WHAT IS NEEDED:
Copy each record below exactly, please, and leave its pictures out.

GIVEN DATA below:

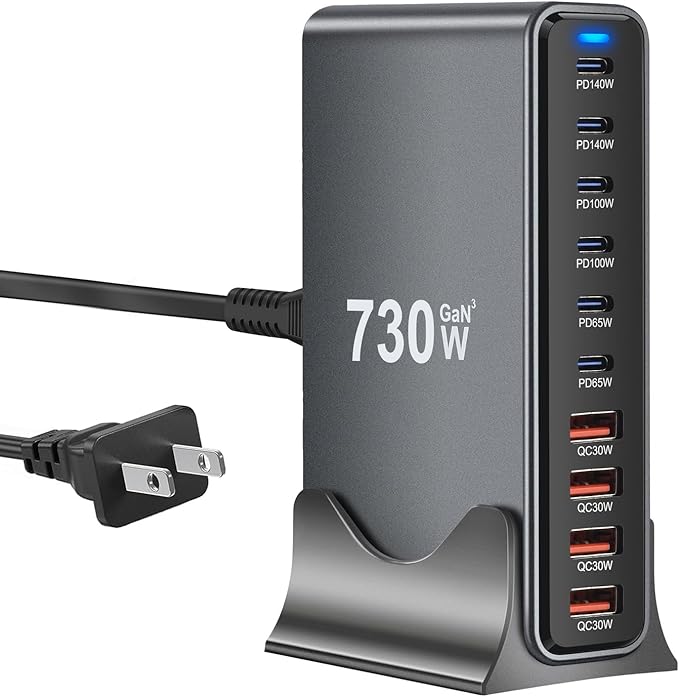 730W USB C Charger Block, 10 Port Fast USB Charging Station for Multi Devices, GaN Ⅲ Charging Block Double 140W/100W/65W PD PPS Port Laptop Charger Compatible with MacBook Pro/Air/iPhone 16/15/Samsung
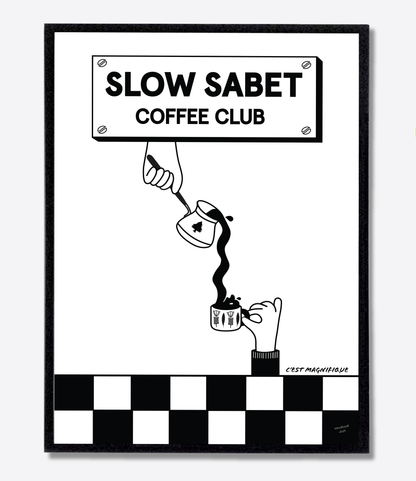 Black - English - Coffee Club - Coffee Poster Print | Sawahood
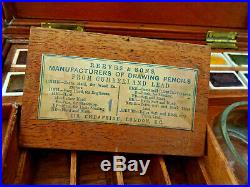 Early Vintage Winsor & Newton Wooden Artist's Paint Box With Key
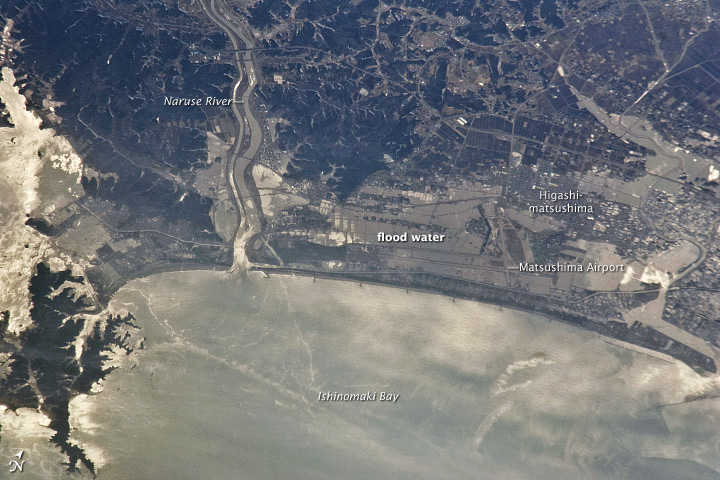 Astronaut photo of the aftermath of the March 11 earthquake and tsunami in Japan. This image was taken on March 13, 2011.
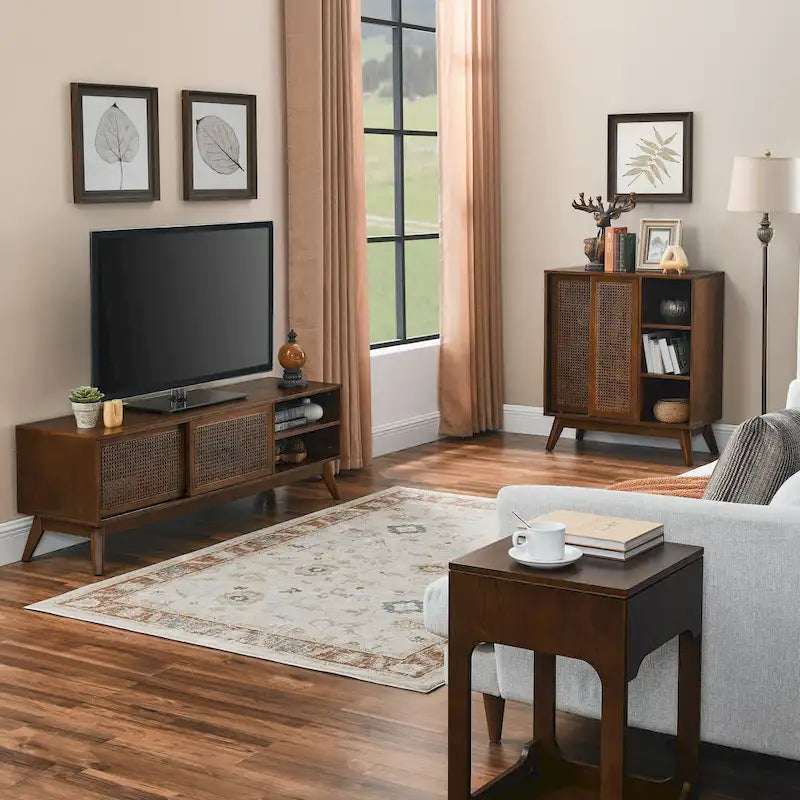 59 Inch Mid Century Modern Rattan TV Stand for 65 Inch TV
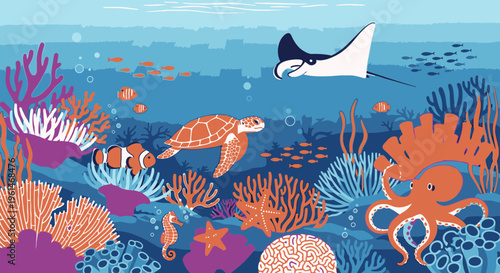 Colorful illustration of sea turtle swimming.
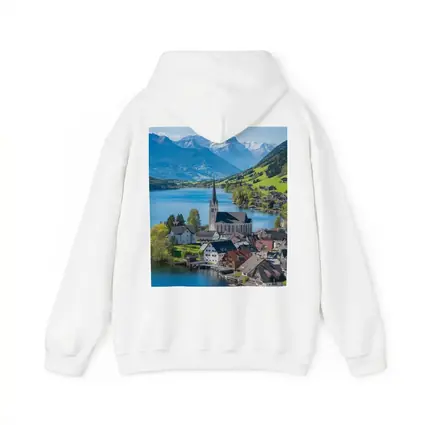 Alpine Lake Village Church Switzerland Mountains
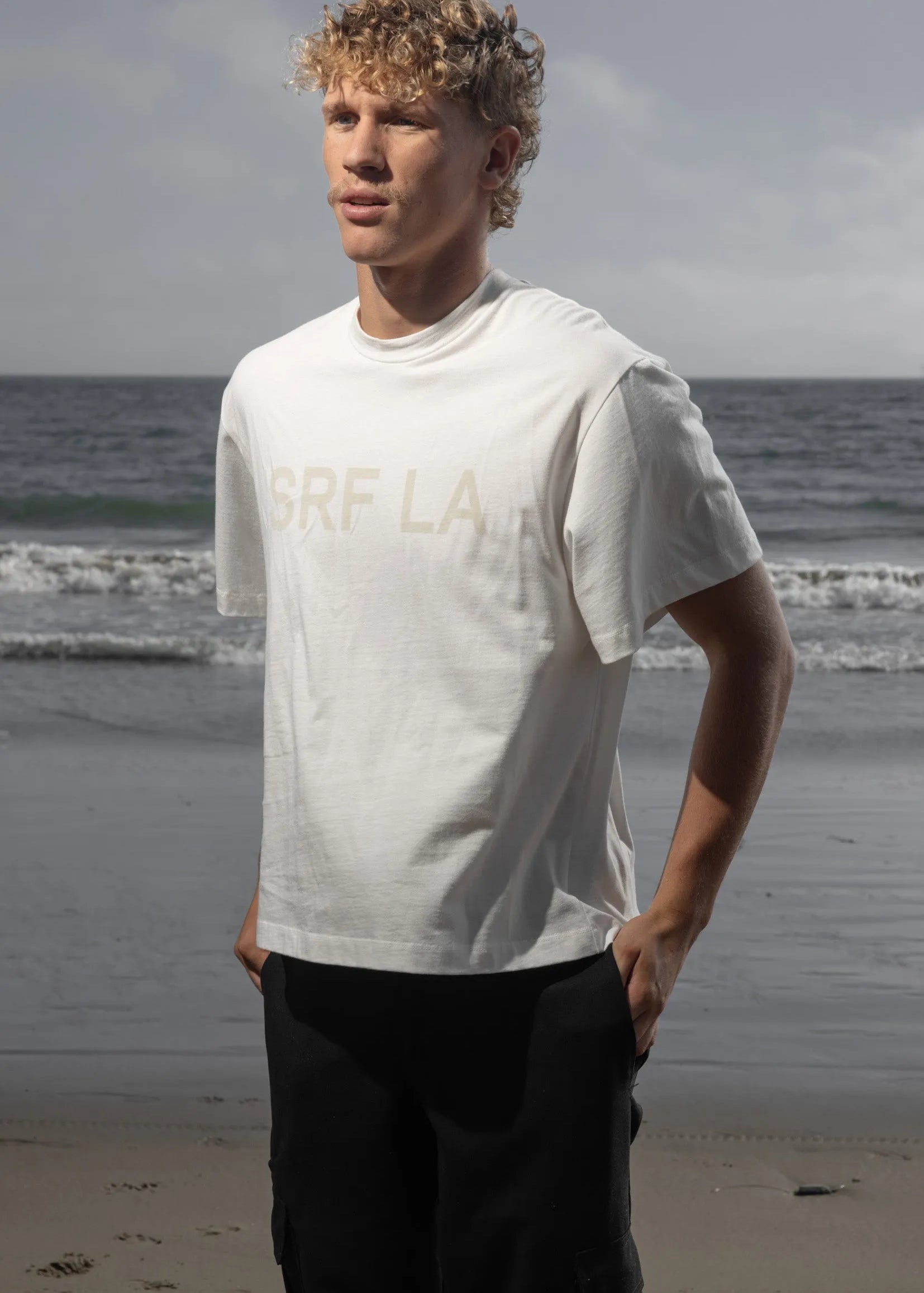 SRF LA Mustache Tee - Antique Cream on White - Heidi Merrick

End of GIVEN DATA.

SOLUTION:
 730W USB C Charger Block, 10 Port Fast USB Charging Station for Multi Devices, GaN Ⅲ Charging Block Double 140W/100W/65W PD PPS Port Laptop Charger Compatible with MacBook Pro/Air/iPhone 16/15/Samsung
 Black - English - Coffee Club - Coffee Poster Print | Sawahood
 Early Vintage Winsor & Newton Wooden Artist's Paint Box With Key
 Astronaut photo of the aftermath of the March 11 earthquake and tsunami in Japan. This image was taken on March 13, 2011.
 59 Inch Mid Century Modern Rattan TV Stand for 65 Inch TV
 Colorful illustration of sea turtle swimming.
 Alpine Lake Village Church Switzerland Mountains
 SRF LA Mustache Tee - Antique Cream on White - Heidi Merrick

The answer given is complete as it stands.